The storagenode gets data from the network and stores it… if the disk access time is to high, the excess data will have to be stored somewhere… and thus the ingress data will be stored in memory until the storagenode can get time to write it to disk.
these are some examples of what that will look like…
keep in mind, depending on the graph model not all methods will show the cpu utilization as 100%, but this isn’t real cpu utilization either, it’s IOwait, which is when the cpu is waiting for data from a drive before it continues, which can slow a system to a crawl.
it’s clear that my storagenode memory utilization is running away and it will keep consuming more and more memory until something either goes wrong or until the available hdd bandwidth and or IO exceeds the storagenode requirements.
How to solve the IOwait…
There are a few options… the easy option is shutdown stuff you don’t need using bandwidth or IO on the storagenode hdd…
another option could be to move your database to another drive… not sure how much performance that actually gives tho…
my preferred solution when a software fix isn’t an option because of hardware limitation is the addition of more storagenodes… since data is evenly distributed across the nodes on a network.
then getting an extra hdd and adding an additional node will decrease the load on one node by 50%
There should never be more than one node on one hdd!

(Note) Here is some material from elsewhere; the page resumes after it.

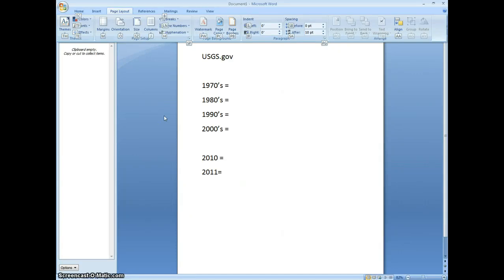What's up YouTube? Zapatista44 here. We are going to prove that the earthquakes are on the rise.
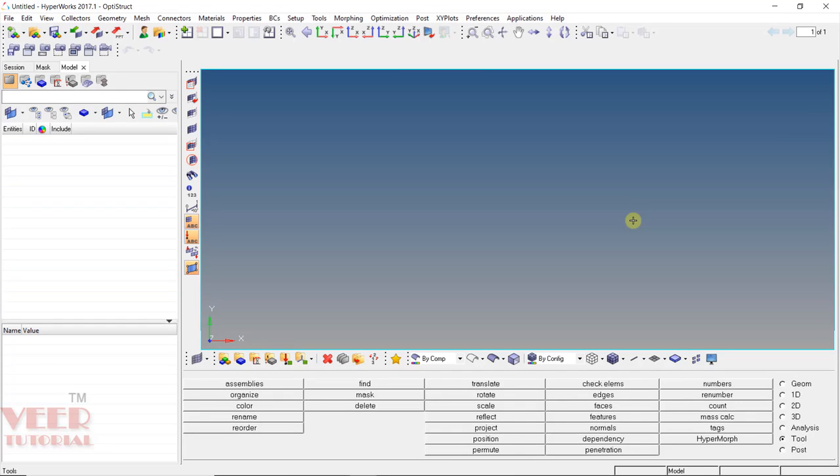Hello friends, welcome to this course on HyperMesh. In this lecture, we will learn how to measure dimensions in HyperMesh.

After the issue have been dealt with … in my case a local VM i’ve had some trouble with… seems it may interfere with netdata as i think it started just as i restarted my netdata…
both are running some advanced semi diy scripts, so it’s possible some of their coding is similar or whatever…
I digress…
The VM’s was all killed also seemed to have lost access to most of them, maybe because of the IOwait thing or because i set a significant swap allowance on them…
cpu utilization is back in 5-10% or so…
the ram usage is now erratic but the curve has been flattened and ram usage is slowly dropping… will give it a day and see if it’s gone back to normal…
a node restart might be required to purge the excess cache created…
and 5 hours later the memory usage is now starting to be closer to normal,
even if still slightly elevated…